PROVIDED RECORDS Start Marker

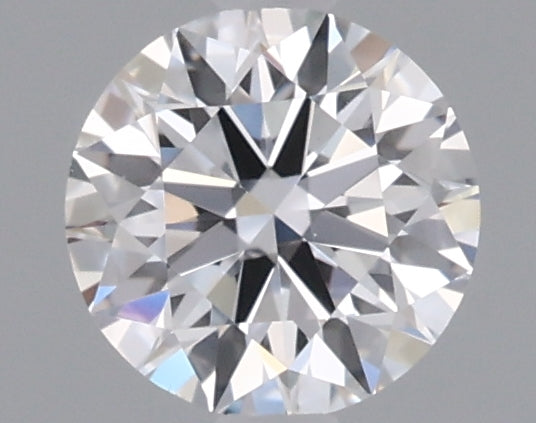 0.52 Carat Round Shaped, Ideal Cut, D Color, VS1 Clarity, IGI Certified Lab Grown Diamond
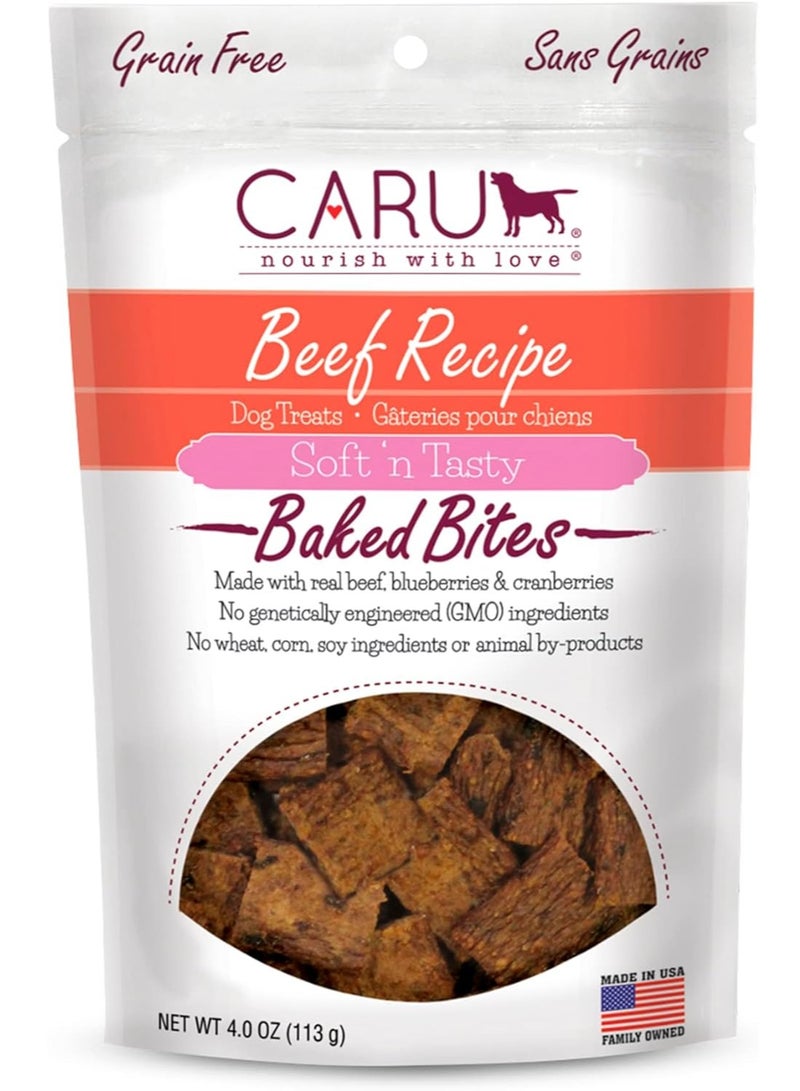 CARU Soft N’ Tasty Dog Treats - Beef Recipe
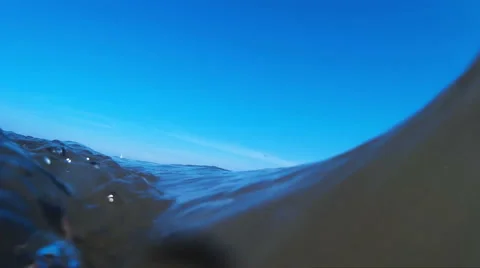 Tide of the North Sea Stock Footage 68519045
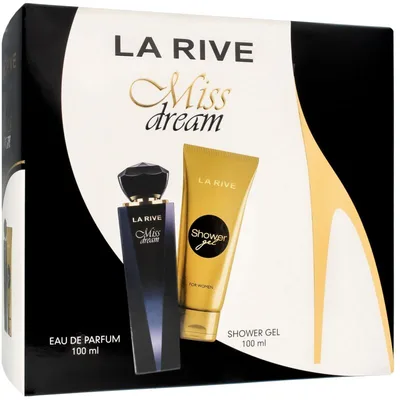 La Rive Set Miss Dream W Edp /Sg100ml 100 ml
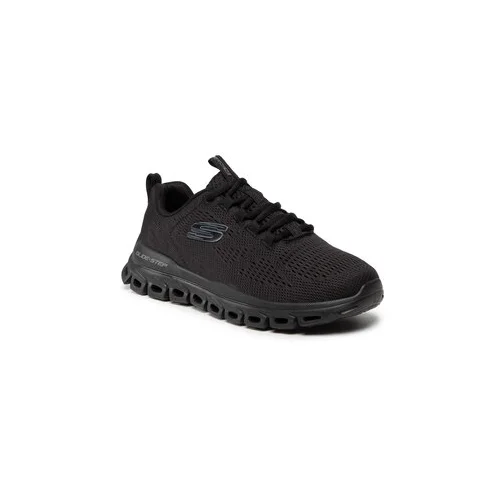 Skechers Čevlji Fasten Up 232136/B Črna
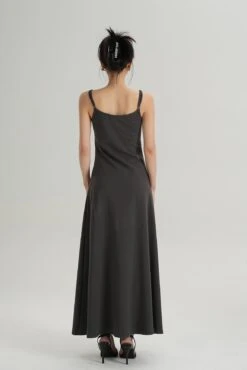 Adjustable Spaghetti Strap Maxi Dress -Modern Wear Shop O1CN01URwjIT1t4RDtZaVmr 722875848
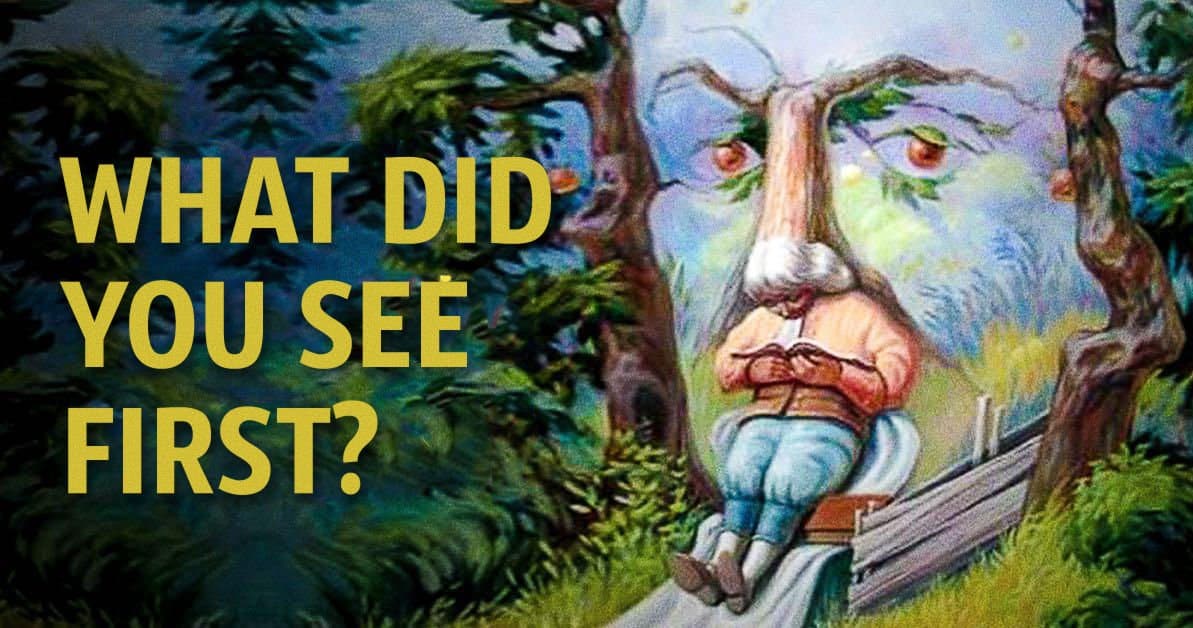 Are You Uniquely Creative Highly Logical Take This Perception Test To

PROVIDED RECORDS End Marker

Print, word for word, the lines above that run from the line containing "Tide of the North Sea Stock Footage 68519045" to the line containing "Adjustable Spaghetti Strap", both included. Keep the pictures out.

▶ [SOLUTION]:
 Tide of the North Sea Stock Footage 68519045
 La Rive Set Miss Dream W Edp /Sg100ml 100 ml
 Skechers Čevlji Fasten Up 232136/B Črna
 Adjustable Spaghetti Strap Maxi Dress -Modern Wear Shop O1CN01URwjIT1t4RDtZaVmr 722875848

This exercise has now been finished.